**MATERIAL PROVIDED**
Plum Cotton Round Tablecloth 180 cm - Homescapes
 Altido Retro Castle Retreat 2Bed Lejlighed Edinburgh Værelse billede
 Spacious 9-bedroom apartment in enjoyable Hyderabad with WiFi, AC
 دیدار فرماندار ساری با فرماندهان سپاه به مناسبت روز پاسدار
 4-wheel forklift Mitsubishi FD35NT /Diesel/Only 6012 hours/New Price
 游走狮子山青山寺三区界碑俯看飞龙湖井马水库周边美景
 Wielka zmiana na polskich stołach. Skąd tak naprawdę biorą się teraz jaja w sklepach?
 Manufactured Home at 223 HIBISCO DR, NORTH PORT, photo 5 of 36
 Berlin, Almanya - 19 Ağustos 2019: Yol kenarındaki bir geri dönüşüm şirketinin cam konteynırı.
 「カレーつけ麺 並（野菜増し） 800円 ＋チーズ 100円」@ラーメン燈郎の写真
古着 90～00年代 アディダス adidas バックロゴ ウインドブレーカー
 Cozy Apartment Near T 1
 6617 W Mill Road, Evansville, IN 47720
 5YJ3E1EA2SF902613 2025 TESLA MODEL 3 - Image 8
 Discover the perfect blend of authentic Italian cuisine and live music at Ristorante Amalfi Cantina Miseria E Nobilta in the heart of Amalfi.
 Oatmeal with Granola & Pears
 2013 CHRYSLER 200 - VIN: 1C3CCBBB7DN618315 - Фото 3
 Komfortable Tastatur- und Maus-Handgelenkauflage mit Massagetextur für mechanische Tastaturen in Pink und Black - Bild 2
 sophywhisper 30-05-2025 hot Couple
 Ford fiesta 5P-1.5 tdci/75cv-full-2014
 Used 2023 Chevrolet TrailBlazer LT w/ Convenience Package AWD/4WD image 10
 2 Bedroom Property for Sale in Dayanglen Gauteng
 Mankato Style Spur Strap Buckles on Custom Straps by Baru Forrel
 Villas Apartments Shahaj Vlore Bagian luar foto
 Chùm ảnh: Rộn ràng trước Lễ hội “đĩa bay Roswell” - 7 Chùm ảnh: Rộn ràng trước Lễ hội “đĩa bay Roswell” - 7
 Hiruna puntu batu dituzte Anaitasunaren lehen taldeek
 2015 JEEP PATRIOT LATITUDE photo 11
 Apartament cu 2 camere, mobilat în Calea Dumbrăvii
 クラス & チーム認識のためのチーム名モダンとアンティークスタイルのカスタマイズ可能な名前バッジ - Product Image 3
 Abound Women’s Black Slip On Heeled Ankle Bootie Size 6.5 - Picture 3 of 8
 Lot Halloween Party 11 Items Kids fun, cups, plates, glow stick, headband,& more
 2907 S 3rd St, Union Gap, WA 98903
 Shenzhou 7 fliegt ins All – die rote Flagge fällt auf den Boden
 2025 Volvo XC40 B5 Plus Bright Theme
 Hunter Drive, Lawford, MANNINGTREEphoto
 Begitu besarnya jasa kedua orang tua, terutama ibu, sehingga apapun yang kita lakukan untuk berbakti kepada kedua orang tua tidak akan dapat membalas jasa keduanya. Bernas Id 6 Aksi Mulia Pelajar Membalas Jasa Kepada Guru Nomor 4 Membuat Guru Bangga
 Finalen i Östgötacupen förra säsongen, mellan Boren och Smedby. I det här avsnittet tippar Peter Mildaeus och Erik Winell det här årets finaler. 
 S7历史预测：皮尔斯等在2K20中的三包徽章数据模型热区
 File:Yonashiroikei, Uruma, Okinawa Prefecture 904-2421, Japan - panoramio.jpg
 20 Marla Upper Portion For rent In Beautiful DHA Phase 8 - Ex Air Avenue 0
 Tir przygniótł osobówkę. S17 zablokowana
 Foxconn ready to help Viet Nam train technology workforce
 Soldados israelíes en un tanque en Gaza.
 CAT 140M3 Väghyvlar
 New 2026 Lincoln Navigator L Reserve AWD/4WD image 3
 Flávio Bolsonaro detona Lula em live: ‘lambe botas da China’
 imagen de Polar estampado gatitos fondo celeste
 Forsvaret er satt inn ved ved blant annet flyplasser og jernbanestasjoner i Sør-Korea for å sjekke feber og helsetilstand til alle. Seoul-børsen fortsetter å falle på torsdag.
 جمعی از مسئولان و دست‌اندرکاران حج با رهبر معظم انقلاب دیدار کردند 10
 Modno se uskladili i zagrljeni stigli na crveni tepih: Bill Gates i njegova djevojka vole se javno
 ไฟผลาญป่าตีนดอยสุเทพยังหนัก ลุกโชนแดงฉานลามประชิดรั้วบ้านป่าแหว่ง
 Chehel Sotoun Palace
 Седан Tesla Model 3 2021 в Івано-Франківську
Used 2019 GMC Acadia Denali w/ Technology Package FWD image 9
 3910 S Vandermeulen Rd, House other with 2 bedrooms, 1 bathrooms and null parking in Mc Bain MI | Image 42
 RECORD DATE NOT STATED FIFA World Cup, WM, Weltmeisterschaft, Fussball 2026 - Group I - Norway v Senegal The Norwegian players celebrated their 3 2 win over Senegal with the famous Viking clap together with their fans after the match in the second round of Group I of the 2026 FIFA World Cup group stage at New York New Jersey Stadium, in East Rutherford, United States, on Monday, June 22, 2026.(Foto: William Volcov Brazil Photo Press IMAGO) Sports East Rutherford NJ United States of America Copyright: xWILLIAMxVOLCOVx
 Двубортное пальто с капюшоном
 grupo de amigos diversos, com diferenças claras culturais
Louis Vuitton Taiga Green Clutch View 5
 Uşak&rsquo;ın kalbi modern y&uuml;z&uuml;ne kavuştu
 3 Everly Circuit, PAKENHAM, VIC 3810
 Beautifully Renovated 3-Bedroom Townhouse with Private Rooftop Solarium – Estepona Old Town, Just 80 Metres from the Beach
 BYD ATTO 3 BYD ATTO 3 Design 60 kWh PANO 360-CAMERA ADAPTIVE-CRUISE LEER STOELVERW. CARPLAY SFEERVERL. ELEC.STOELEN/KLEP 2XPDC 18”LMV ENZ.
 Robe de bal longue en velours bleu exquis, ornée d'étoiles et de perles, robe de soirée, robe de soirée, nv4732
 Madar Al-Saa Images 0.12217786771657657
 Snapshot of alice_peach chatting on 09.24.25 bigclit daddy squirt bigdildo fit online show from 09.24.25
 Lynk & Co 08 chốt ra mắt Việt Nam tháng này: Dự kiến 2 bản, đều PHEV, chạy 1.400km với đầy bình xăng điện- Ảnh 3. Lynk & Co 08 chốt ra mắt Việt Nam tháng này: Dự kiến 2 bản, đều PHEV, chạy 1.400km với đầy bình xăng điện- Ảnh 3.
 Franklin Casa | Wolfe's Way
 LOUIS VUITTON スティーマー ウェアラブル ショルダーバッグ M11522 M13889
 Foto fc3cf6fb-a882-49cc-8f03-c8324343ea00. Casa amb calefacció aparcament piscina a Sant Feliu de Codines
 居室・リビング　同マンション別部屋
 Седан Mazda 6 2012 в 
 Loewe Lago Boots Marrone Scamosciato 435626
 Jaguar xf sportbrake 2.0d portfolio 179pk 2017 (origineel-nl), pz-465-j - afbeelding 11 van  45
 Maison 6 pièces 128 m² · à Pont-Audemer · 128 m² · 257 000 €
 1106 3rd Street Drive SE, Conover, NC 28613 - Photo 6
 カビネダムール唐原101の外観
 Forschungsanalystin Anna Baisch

**YOUR INSTRUCTIONS**
Please give back, exactly as it stands above, the stretch from the line with "20 Marla Upper" through the line with "Forsvaret er satt", and no line outside it.

**RESPONSE AREA**
 20 Marla Upper Portion For rent In Beautiful DHA Phase 8 - Ex Air Avenue 0
 Tir przygniótł osobówkę. S17 zablokowana
 Foxconn ready to help Viet Nam train technology workforce
 Soldados israelíes en un tanque en Gaza.
 CAT 140M3 Väghyvlar
 New 2026 Lincoln Navigator L Reserve AWD/4WD image 3
 Flávio Bolsonaro detona Lula em live: ‘lambe botas da China’
 imagen de Polar estampado gatitos fondo celeste
 Forsvaret er satt inn ved ved blant annet flyplasser og jernbanestasjoner i Sør-Korea for å sjekke feber og helsetilstand til alle. Seoul-børsen fortsetter å falle på torsdag.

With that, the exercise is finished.